Kを発音したくなったり、ならなかったりする。

knowの中には今が、knightの中には夜が含まれています。そんなことより、私が好きな人はローマ字にした際Kで始まる人が多いんです(あるいは多いknです?)。そうそう、傘もKでした。" Kといえばカフカの「城」の主人公が・・・" と口にしがちだった多感な頃よりは私も大人になった、あるいは自由になったと思いたい一心で開設しています。同じことしか書けないなら同じことを増やそうと思います。

お好み焼き

 呉に上陸した。大げさでなく、船で小ぶりな港に着岸する感じが、まさに上陸なのだ。昼食時ということもあり、着いたその足で、よく立ち寄るお好み焼き屋さんに向かった。よくとはいえ、まだ5,6回目なのだが、今回初めて入り口に積まれたキャベツの箱を見た。いずれも「福岡」と書かれている。何も不思議なわけでも間違っているわけでもないが、ほどなく昨年5月に訪れた苫小牧駅前のドン・キホーテを思い出していた。

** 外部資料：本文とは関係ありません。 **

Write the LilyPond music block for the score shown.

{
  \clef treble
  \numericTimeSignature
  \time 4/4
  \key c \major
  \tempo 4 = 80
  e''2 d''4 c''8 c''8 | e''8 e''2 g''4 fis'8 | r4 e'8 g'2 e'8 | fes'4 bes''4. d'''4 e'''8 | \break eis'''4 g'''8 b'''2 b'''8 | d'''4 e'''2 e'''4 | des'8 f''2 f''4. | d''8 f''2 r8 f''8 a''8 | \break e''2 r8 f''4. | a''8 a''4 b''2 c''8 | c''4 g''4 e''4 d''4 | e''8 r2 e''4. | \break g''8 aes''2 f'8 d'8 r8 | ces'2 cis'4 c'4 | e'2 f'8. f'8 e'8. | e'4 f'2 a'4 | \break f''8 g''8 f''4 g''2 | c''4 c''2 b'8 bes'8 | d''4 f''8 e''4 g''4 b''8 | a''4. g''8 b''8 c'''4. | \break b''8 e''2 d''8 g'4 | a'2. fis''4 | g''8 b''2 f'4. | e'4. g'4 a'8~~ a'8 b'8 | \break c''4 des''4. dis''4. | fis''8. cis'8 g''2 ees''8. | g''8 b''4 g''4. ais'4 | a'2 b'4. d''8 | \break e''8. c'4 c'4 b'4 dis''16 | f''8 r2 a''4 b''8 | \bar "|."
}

 苫小牧駅から直結しているそのドン・キホーテの店内には、もちろんドン・キホーテがあるわけだが、それだけではなく電機店や紳士服の店や薬局といった全国でチェーン展開している店を格納している。つまり、イオンの大規模店舗と同じで、ショッピングモールとなっている。これもまた不思議でも何でもないことだろうが、施設内に足を踏み入れたばかりの私は「ドン・キホーテもここまで存在感を出すとはなー」と驚いていた。そして、「どの店舗も、自身の名を冠するショッピングモールがあってもおかしくないくらいの規模を誇っている。いや、規模と無関係に店子は必ずしも店子のままであり続けるわけでもないし、大家だって同じことだろう。みんな大家側でもあるのに、入居側の印象の方が強い」と考えをまとめて、そのままにしていた。

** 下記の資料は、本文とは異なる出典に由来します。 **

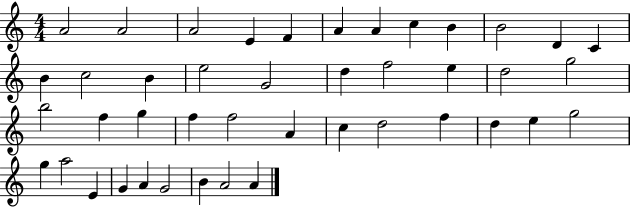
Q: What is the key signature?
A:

 結局今日も、「サイコロの目のようなノリで誰もが大家になっても良さそうだが、実際はそうはならないわけか」と殆ど変わらないことを思ったので、考えは昨年から進んでいないように思える。もう少し考えてみた。「個々がバラバラのままフラットに関係し合うことは、何も悪いことではないだろう。でも、誰もが大家を交代で務めるというのは、それとは違うが、これも悪いようには思えない。前者にはない時間の厚みのようなものが得られそうな気もする」と浮かんできた。前者の方が、現在進行形の、良案とされる考え方なのだろうが、どうも後者も気になっている。もしかしたら、個であるということの条件には、共同体を運営する時間を持つこと、というのがあるのかもしれないと考えてみた。
 証明もしていないのだから、腹落ちはしていない。一方、お好み焼きの腹持ちときたら大したものだ。4時間程経つが、小腹が空いた感じもなく、食後小一時間後くらいに眠気が襲ってきたもののそれを乗り越えたら、ちょうど良い具合のままだ。エコノミーは広島弁でオコノミーと言う。そんな嘘をつきたくなるくらいだ。ところで、この各素材の集合体としてのお好み焼きの大家は、通常誰なのだろう?と、ここまでの考えに沿ってみれば自然な問いが浮かんできた。「キャベツよりは小麦の感じだが」と思いながら、こういう賃貸の構図をお好み焼きに当てはめるのは不適切かもしれないと思って考えるのを早々に切り上げた。こういう逃げ方は、ソースをお好み焼きの全面に塗るのと似ていなくもないなと思った。